Aquí estoy sentada, en nuestro bar, esperando que entres por la puerta y ocupes el sitio vacío, que aunque tú tengas cosas mejores que hacer, yo no. Los cuadros que decoran el lugar, aquellos que tantas veces miramos juntos,
me miran como interrogándome, como preguntándome a gritos dónde está
esa sonrisa que me acompañaba cuando tú también lo hacías. O tal vez sus rostros pregunten por ti, igual que mi corazón, igual que cada canción que suena en mis discos, igual que el inocente camarero que ha seguido inconscientemente con su costumbre de poner dos pajitas en la bebida. Una de las que se doblan, para mí, que siempre fui una niña y una de las normales para ti, el mayor de los dos. Y esa pajita también me mira, expectante, quiere tus labios al igual que yo los quiero sobre los míos, en mi mejilla,
en el pelo. Todo pregunta por ti sin hablar, y yo no sé responder, ni mirar, ni caminar desde que no estás.
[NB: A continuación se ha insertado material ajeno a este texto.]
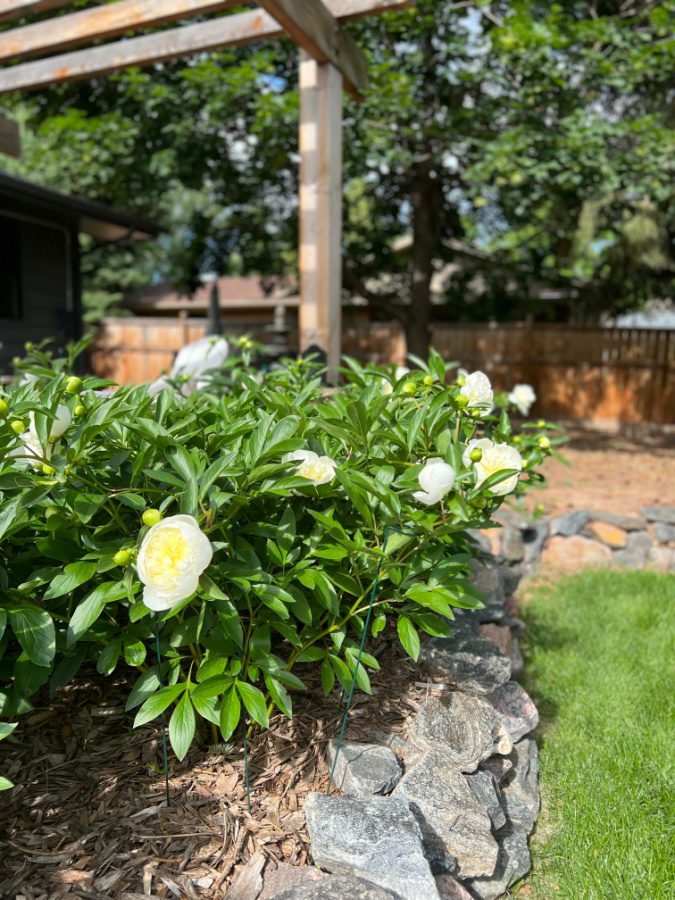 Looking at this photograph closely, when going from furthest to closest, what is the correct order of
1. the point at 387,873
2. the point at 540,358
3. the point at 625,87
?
the point at 540,358
the point at 625,87
the point at 387,873

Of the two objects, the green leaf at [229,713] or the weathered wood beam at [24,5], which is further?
the weathered wood beam at [24,5]

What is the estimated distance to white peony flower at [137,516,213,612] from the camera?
1123 millimetres

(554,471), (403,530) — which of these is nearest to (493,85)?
(554,471)

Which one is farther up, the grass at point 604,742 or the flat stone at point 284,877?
the flat stone at point 284,877

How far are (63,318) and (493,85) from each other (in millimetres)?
5148

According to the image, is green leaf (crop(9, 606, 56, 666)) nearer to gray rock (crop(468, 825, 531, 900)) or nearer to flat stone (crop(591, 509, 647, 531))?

Solo sé escribir, y sin éxito, pues no nos engañemos, un bolígrafo puede hacer muchas cosas buenas, pero qué me va a recordar más a ti que la tinta negra escribiendo, con letra pequeña, ese gesto que tenías al retirarte el pelo negro de la cara o la primera vez que tiraste de mi brazo para llevarme junto a ti. O tal vez por lo que pregunten todas estas cosas y personas, aquello por lo que pregunta mi vida a día de hoy, sea por mi coherencia. ¿Quién dejaría ganar a un corazón enamorado sin darse cuenta de que es como pedir a un psicópata que dispare? Y por mucho que me termine la bebida de un sorbo y tire tu pajita lejos, sé que esa persona que sigue dejando ganar a su corazón, soy yo.